AIM OF THE TASK: No pictures go into the output, which should consist only of the lines from the first line of the data through the line with "The other issue", copied exactly.

PROVIDED MATERIAL:
= = = = = = =
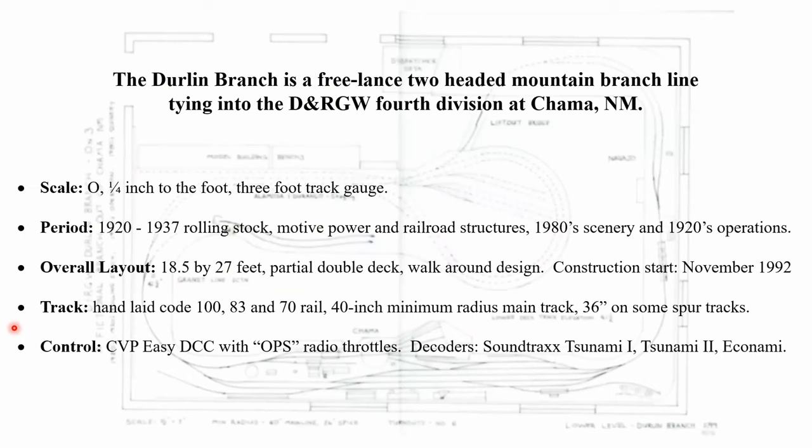The Durland Branch is a freelance two-headed mountain branch line tying into the Rio Grande Fourth Division at Chama, New Mexico. It's O scale, quarter inch to the foot, three-foot track gauge. The period it represents is roughly 1920 to 1937 for rolling stock, motive power, and structures. The scenery is 1980s, reflecting a lot of the trips my wife and I made back there. The layout occupies 18.5 by 27 feet, is partial double deck, walk-around design, and we got started seriously on it in 1992. Track is all hand laid, code 100, 83 and 70 pound rail, 40-inch minimum radius on main tracks. Control is CVP Easy DCC with ops radio throttles, and I've standardized decoders on Soundtraxx.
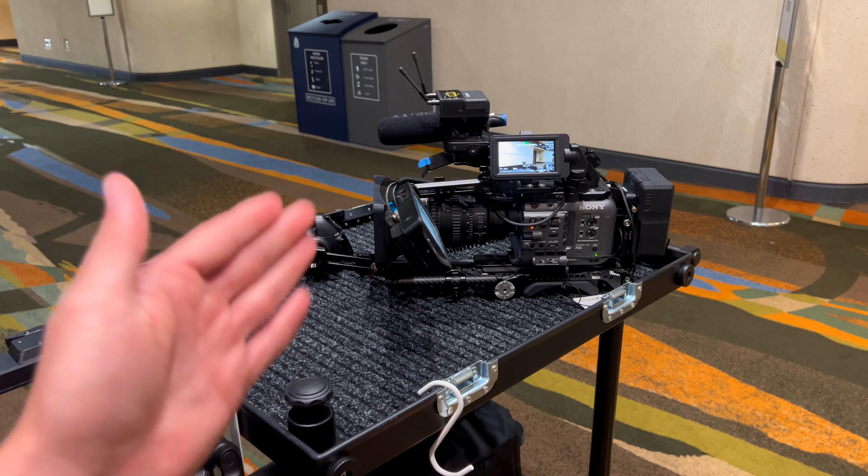The other issue is autofocus. Right now I'm focused on this knob, and then if I turn it to auto, it goes here. I touch-tracked that — that's what I want it to stay locked on. When I switch it to manual focus, it focuses back to the previous point it was at during manual focus.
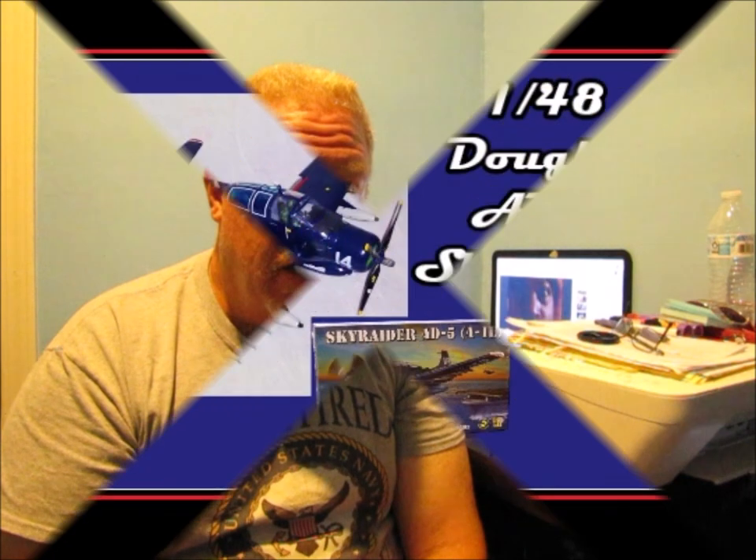Hey everybody, welcome to another edition of Ed's Attention to Detail. Today I'm going to show you my AD5 Skyraider.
= = = = = = =
SOLUTION TO THIS PROBLEM:
The Durland Branch is a freelance two-headed mountain branch line tying into the Rio Grande Fourth Division at Chama, New Mexico. It's O scale, quarter inch to the foot, three-foot track gauge. The period it represents is roughly 1920 to 1937 for rolling stock, motive power, and structures. The scenery is 1980s, reflecting a lot of the trips my wife and I made back there. The layout occupies 18.5 by 27 feet, is partial double deck, walk-around design, and we got started seriously on it in 1992. Track is all hand laid, code 100, 83 and 70 pound rail, 40-inch minimum radius on main tracks. Control is CVP Easy DCC with ops radio throttles, and I've standardized decoders on Soundtraxx.
The other issue is autofocus. Right now I'm focused on this knob, and then if I turn it to auto, it goes here. I touch-tracked that — that's what I want it to stay locked on. When I switch it to manual focus, it focuses back to the previous point it was at during manual focus.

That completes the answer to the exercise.